• **DESCRIPTION OF THE TASK**:
Apart from the images, every record below must be given again without alteration.

• **DATA**:
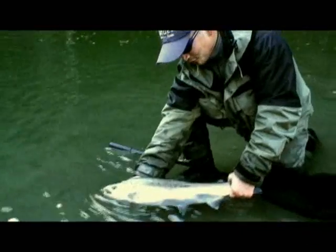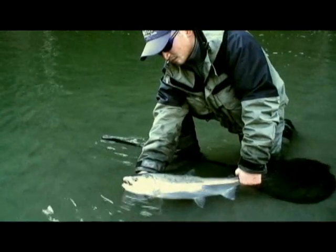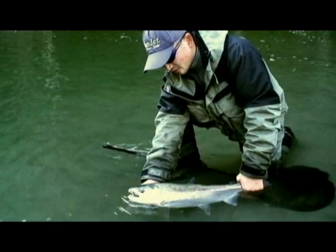The best way to identify the coho is by looking at the small spots on the back, spots on the tail and on the upper part of the tail. They also have white gums instead of black gums.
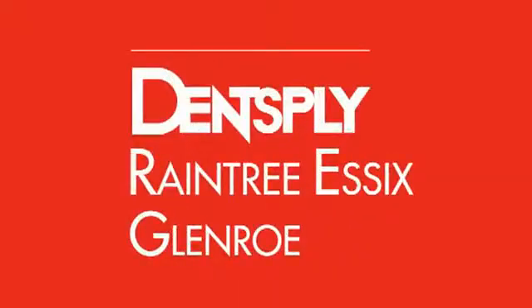Welcome to Dentsply Raintree Essix Glenroe's line of educational video tutorials. Dentsply Raintree Essix Glenroe is committed to providing you with the educational tools for your success. The following educational video is for the use of the Drufomat Scan with CombiPlast Plastic.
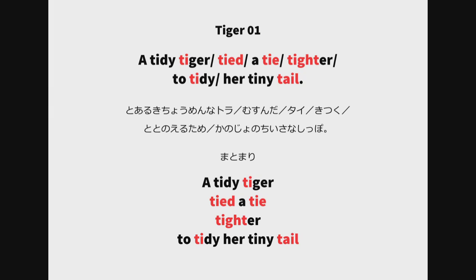To tidy her tiny tail — low high low low low high. To tidy her tiny tail. To tidy her tiny tail — low high low low low high. To tidy her tiny tail.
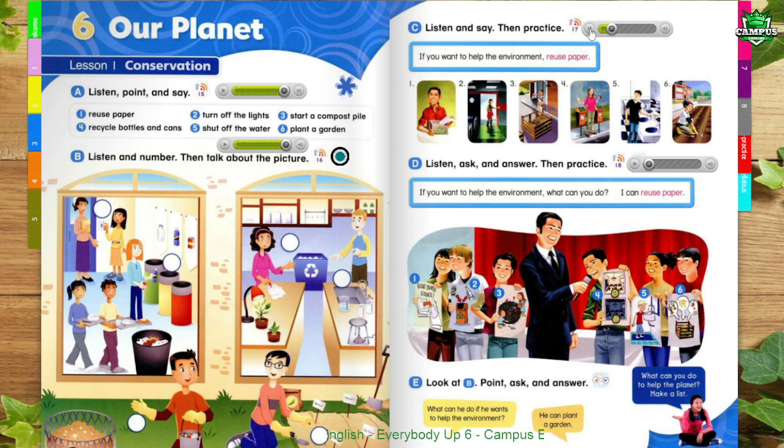If you want to help the environment, reuse paper. 1. If you want to help the environment, reuse paper. 2. If you want to help the environment, turn off the lights. 3. If you want to help the environment, start a compost pile. 4. If you want to help the environment, recycle bottles and cans. 5. If you want to help the environment, shut off the water. 6. If you want to help the environment, plant a garden.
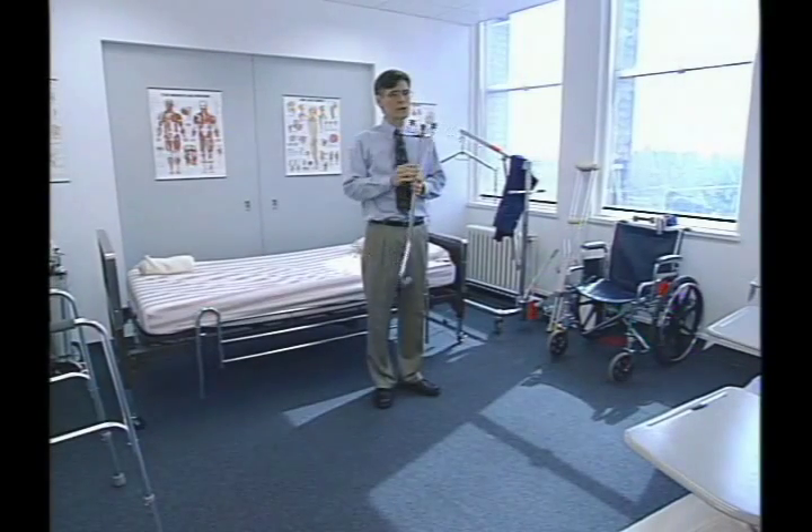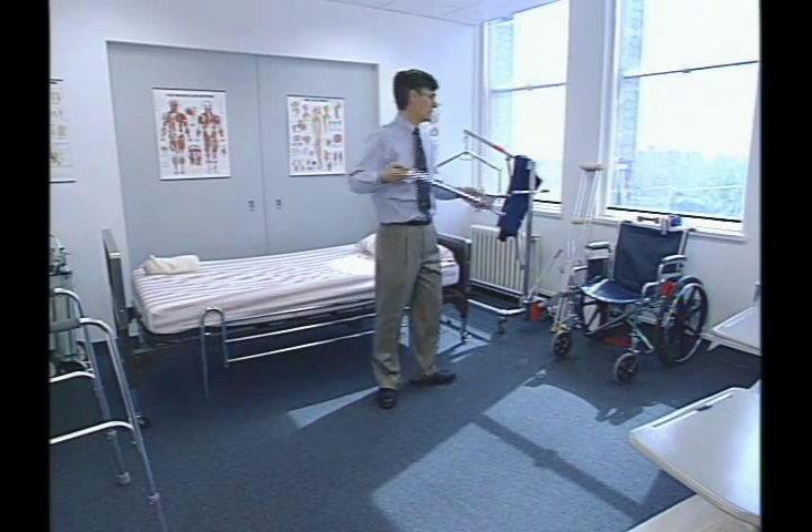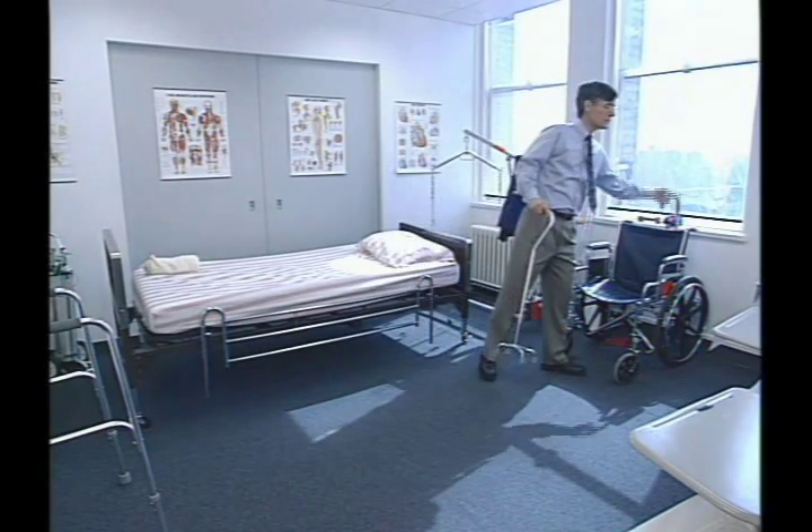This is a small-based quad cane. Usually they're twice as large. It gives quite a bit more support than a regular straight cane.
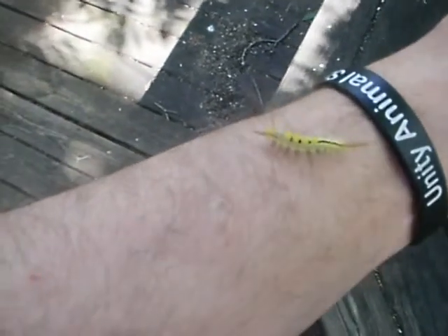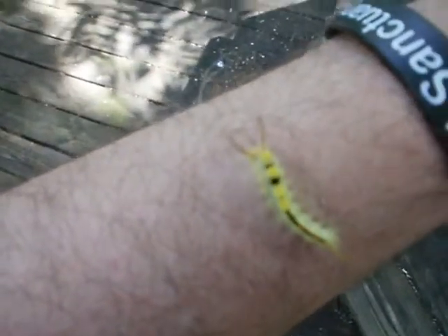We're outside getting the pond set up for the new turtles and found this guy here. I'm not sure what those four little circular things are on his back, and you can see the little orange spots here in the black. He's got very long hairs in the front as well as in the rear.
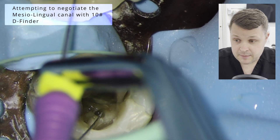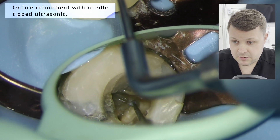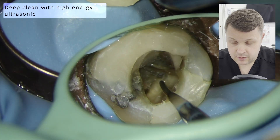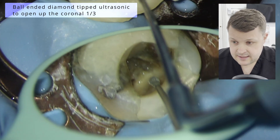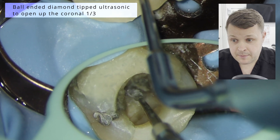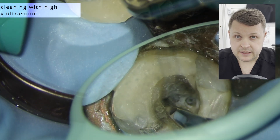To try and negotiate these canals, I'm using a D-finder. In succession, we're using the D-finders and these needle-tip ultrasonic tips, just to have a little look around and see if we can feel a nice drop into the canal space. And again, we're going to use the high-energy ultrasonic — the amount of times I've used a high-energy ultrasonic and it just drops into the canal. The endosuccess tips are really, really good because they've got loads of different ends on them. The first one was kind of like a torpedo shape, then a needle tip, and this one's like a ball-ended ultrasonic tip — it works in the same way you'd use a gate-clearing burr, but with much more control.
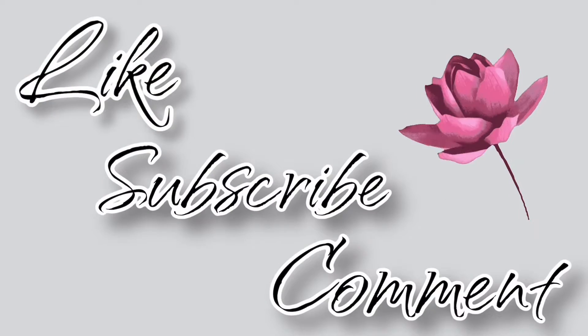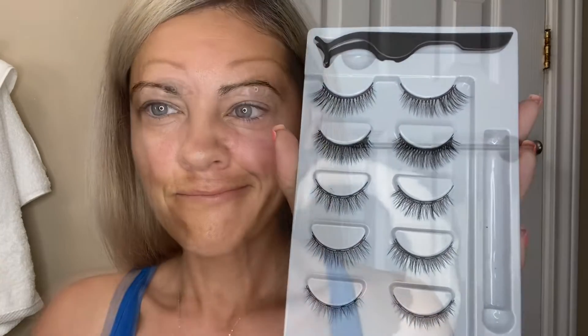Please like, subscribe, and comment. I'm going to try to apply these magnetic eyelashes for the first time. It's 6:30 in the morning, I just woke up, so let's see how this goes. There are a bunch of different sizes — I have to work this morning so I think I'm going to try these ones so it's not too crazy looking. You apply the magnetic eyeliner and then the eyelashes will just stick to it, hopefully.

• **ANSWER TO THIS EXERCISE**:
The best way to identify the coho is by looking at the small spots on the back, spots on the tail and on the upper part of the tail. They also have white gums instead of black gums.
Welcome to Dentsply Raintree Essix Glenroe's line of educational video tutorials. Dentsply Raintree Essix Glenroe is committed to providing you with the educational tools for your success. The following educational video is for the use of the Drufomat Scan with CombiPlast Plastic.
To tidy her tiny tail — low high low low low high. To tidy her tiny tail. To tidy her tiny tail — low high low low low high. To tidy her tiny tail.
If you want to help the environment, reuse paper. 1. If you want to help the environment, reuse paper. 2. If you want to help the environment, turn off the lights. 3. If you want to help the environment, start a compost pile. 4. If you want to help the environment, recycle bottles and cans. 5. If you want to help the environment, shut off the water. 6. If you want to help the environment, plant a garden.
This is a small-based quad cane. Usually they're twice as large. It gives quite a bit more support than a regular straight cane.
We're outside getting the pond set up for the new turtles and found this guy here. I'm not sure what those four little circular things are on his back, and you can see the little orange spots here in the black. He's got very long hairs in the front as well as in the rear.
To try and negotiate these canals, I'm using a D-finder. In succession, we're using the D-finders and these needle-tip ultrasonic tips, just to have a little look around and see if we can feel a nice drop into the canal space. And again, we're going to use the high-energy ultrasonic — the amount of times I've used a high-energy ultrasonic and it just drops into the canal. The endosuccess tips are really, really good because they've got loads of different ends on them. The first one was kind of like a torpedo shape, then a needle tip, and this one's like a ball-ended ultrasonic tip — it works in the same way you'd use a gate-clearing burr, but with much more control.
Please like, subscribe, and comment. I'm going to try to apply these magnetic eyelashes for the first time. It's 6:30 in the morning, I just woke up, so let's see how this goes. There are a bunch of different sizes — I have to work this morning so I think I'm going to try these ones so it's not too crazy looking. You apply the magnetic eyeliner and then the eyelashes will just stick to it, hopefully.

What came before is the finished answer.